##### SUPPLIED DATA #####

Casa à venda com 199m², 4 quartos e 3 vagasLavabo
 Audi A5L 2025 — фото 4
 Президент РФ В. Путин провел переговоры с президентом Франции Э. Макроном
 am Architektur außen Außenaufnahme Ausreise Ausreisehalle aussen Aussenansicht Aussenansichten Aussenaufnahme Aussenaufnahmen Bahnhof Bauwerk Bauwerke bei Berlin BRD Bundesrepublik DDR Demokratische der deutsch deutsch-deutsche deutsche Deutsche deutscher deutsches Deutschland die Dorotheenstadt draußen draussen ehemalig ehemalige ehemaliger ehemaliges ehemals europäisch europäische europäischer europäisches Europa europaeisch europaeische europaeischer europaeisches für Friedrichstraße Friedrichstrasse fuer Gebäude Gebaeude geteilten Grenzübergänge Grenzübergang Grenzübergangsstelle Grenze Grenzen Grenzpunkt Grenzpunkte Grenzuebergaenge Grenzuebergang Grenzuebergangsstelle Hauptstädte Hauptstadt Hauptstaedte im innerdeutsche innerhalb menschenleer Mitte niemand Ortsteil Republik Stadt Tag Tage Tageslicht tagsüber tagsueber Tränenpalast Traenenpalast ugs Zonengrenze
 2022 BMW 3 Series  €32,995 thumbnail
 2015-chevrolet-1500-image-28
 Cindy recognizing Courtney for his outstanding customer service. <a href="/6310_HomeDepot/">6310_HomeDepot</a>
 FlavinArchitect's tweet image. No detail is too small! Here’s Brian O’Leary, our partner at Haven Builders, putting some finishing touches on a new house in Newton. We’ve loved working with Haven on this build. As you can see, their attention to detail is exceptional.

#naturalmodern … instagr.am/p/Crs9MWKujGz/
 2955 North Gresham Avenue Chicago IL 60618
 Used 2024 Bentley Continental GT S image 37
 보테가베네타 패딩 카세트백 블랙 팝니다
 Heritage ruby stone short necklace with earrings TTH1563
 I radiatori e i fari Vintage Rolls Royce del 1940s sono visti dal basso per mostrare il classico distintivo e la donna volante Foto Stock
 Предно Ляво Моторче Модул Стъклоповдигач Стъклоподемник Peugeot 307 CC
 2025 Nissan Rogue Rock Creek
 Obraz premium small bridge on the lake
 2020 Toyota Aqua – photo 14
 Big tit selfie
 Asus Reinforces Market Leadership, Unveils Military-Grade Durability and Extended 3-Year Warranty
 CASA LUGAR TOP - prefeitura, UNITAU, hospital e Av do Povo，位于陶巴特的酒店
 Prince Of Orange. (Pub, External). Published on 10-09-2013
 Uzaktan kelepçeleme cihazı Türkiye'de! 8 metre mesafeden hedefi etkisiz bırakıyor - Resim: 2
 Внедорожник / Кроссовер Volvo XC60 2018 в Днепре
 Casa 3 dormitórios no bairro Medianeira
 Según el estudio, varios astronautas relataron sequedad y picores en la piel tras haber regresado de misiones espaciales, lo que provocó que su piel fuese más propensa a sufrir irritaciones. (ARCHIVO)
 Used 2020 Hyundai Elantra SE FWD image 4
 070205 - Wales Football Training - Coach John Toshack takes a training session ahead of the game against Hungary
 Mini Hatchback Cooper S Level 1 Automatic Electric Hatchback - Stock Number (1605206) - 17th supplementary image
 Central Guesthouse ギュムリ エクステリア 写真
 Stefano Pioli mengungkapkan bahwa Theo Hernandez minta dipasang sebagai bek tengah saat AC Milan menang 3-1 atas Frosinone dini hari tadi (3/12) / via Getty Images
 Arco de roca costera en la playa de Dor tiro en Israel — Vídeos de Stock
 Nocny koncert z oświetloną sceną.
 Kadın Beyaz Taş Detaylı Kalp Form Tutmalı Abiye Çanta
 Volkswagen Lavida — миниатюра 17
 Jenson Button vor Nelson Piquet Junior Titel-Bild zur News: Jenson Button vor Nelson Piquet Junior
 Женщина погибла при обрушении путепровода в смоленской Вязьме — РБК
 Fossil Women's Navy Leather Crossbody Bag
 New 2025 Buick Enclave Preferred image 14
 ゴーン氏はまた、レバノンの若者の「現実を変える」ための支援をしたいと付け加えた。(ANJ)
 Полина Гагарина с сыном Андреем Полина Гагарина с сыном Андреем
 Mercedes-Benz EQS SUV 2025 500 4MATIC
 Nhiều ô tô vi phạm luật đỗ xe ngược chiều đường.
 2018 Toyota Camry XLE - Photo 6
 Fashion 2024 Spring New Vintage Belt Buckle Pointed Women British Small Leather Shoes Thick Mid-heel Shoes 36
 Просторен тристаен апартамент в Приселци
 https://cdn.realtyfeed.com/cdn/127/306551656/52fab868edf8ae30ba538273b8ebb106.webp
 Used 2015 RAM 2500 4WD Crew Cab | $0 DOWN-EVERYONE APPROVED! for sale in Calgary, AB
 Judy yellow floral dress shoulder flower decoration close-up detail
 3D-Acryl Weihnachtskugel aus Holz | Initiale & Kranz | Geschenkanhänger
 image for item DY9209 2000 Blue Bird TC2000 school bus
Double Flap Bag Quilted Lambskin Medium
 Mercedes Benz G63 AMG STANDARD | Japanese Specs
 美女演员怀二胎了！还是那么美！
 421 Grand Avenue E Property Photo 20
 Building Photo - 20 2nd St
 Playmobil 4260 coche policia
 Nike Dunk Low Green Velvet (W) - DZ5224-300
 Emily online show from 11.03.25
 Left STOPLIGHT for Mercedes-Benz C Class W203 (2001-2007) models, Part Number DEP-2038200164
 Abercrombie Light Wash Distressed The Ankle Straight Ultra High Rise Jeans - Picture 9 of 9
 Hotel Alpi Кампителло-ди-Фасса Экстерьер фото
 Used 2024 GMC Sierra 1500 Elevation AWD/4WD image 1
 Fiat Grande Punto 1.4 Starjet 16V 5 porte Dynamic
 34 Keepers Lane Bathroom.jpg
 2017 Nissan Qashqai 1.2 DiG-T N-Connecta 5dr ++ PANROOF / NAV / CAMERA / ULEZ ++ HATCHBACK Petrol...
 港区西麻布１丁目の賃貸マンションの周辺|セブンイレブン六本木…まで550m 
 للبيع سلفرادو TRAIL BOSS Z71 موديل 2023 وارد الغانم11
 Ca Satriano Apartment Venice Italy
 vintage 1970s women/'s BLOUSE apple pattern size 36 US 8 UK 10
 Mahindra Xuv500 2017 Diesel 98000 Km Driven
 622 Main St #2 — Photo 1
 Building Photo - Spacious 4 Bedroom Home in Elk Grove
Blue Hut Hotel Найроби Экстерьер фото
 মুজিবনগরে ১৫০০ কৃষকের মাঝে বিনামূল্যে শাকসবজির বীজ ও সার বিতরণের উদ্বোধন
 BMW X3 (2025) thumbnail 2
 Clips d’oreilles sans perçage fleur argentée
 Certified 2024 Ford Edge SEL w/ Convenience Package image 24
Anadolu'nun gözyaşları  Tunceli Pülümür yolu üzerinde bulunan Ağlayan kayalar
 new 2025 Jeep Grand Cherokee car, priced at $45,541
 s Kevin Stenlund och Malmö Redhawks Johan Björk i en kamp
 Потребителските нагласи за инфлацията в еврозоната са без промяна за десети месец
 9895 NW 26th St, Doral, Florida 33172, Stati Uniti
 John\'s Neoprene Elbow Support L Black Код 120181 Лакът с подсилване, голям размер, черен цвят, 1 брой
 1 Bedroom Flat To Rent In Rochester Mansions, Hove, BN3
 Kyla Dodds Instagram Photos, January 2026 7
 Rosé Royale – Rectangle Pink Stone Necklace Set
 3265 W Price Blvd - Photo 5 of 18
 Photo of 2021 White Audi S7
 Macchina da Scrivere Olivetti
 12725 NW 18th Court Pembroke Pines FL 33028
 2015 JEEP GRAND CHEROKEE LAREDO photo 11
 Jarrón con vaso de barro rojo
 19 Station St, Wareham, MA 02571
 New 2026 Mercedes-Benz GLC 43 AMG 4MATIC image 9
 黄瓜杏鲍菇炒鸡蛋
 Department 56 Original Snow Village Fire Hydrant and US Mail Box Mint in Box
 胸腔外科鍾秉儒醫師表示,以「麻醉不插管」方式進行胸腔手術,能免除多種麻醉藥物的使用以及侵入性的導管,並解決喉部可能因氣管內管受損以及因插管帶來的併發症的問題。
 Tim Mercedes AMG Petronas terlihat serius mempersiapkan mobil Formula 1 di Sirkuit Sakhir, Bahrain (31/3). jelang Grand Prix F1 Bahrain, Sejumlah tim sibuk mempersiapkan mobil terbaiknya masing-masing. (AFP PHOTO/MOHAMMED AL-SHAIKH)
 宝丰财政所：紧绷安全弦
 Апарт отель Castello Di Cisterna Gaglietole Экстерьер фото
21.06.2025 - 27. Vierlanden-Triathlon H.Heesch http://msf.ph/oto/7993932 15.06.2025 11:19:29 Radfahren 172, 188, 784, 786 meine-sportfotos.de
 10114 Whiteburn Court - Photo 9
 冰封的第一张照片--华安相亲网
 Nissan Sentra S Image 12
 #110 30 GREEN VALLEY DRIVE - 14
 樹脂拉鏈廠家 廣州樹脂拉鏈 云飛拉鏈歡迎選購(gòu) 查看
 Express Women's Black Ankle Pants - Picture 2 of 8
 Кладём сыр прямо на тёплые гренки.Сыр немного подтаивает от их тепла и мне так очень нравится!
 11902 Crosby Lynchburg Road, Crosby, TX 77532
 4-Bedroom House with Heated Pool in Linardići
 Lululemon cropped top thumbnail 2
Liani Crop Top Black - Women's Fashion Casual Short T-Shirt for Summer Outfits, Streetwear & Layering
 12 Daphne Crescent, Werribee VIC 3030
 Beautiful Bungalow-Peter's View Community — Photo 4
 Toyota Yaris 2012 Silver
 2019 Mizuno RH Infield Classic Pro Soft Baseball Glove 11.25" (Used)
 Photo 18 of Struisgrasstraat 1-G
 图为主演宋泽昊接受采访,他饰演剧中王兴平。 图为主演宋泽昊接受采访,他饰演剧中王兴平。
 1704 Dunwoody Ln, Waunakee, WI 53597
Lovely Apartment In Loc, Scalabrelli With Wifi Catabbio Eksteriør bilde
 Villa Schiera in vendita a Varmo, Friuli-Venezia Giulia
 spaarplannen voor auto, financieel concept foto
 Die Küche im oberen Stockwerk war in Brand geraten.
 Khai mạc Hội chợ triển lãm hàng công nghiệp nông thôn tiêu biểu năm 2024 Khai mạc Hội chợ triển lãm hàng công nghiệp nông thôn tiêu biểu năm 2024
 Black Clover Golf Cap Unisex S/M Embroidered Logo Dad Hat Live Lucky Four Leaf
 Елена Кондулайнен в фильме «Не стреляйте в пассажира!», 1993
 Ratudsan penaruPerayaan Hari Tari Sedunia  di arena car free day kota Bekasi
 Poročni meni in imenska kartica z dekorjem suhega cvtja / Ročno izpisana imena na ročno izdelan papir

#####

▸ **TASK PROMPT**: Stop at the line containing "Президент РФ В.". Please print exactly every line before it from the start of the records, plus that line itself, and nothing else.

▸ **COMPLETED TASK**:
Casa à venda com 199m², 4 quartos e 3 vagasLavabo
 Audi A5L 2025 — фото 4
 Президент РФ В. Путин провел переговоры с президентом Франции Э. Макроном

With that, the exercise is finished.